Basically the projection is a 25% increase in gold /year V number of ounces required to hold X value in housing.
If gold rises the graph plummets.
Gold falls----well the opposite.
Someone has too much time on their hands.
Basically the projection is a 25% increase in gold /year V number of ounces required to hold X value in housing.
If gold rises the graph plummets.
Gold falls----well the opposite.
It all depends in the times you are living in, if there is a war you are going to think about moving some where safe, know the cost of power is to rise you look at alternatives, worried about fiat money failing you look at other forms of security, house prices are seen as a risk so you sit back and wait until you decide what to do next.
If enough think the same way prices rise or fall.
Circumstances change so you have to as well whether you like it or not. Growth is optional, change is inevitable.
The smart ones can see and adapt.
If Henry Ford was born in 1400's he would not have been famous because the opportunities were not there just like now electronic and new plastic will be the future but not there in the 30's.
House prices are going the same way as buggy whips PM's are going the same way as Mr. Fords new mode of transport
I've read that post but i still dont quite understand.
You are assuming gold will go up 25% pa in a straight line. Ignoring this huge assumption, what % of house price 'falls' in this graph is simply attributed to gold increasing?
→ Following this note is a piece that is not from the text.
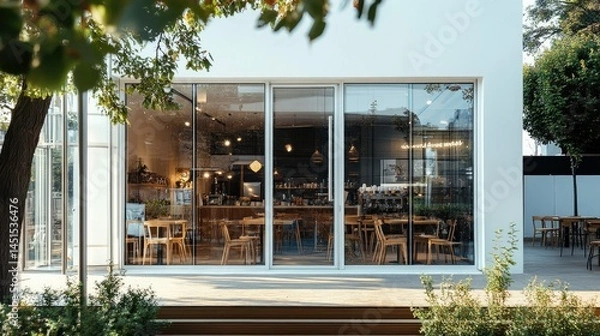 Fototapeta White-walled cafe facade with transparent glass panels, exuding simplicity, modernity, and elegance in daylight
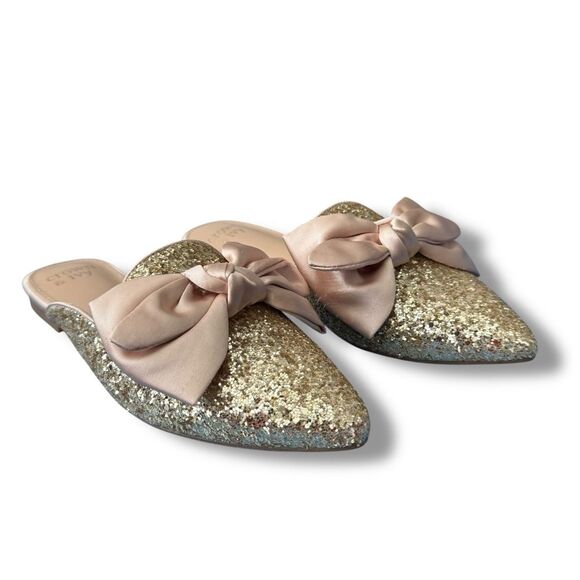 Crown & Ivy Elise Bow Glitter Mules Slip On Flats Size 6 - Picture 3 of 11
IE couldnt gold just go higher and house prices stay the same.
I still dont see what meaningful relationship there is between the 2 assets...
My main premise (based purely on observation and of course is subject to challenge) is that the ratio of house prices to gold price (in the same currency as the house prices) could follow a fixed downward trajectory and bottom-out at a value of around 100 oz. .
Just a general comment - after 360 pages of guesses, estimates, opinions and good ol' speculation in this thread, has anyone actually got it right yet?
I can't see how the two are connected.....
We keep hearing this.Australia has the highest priced RE in the World it can only go down as Prof Robots has confirmed by his silence.
Just a general comment - after 360 pages of guesses, estimates, opinions and good ol' speculation in this thread, has anyone actually got it right yet?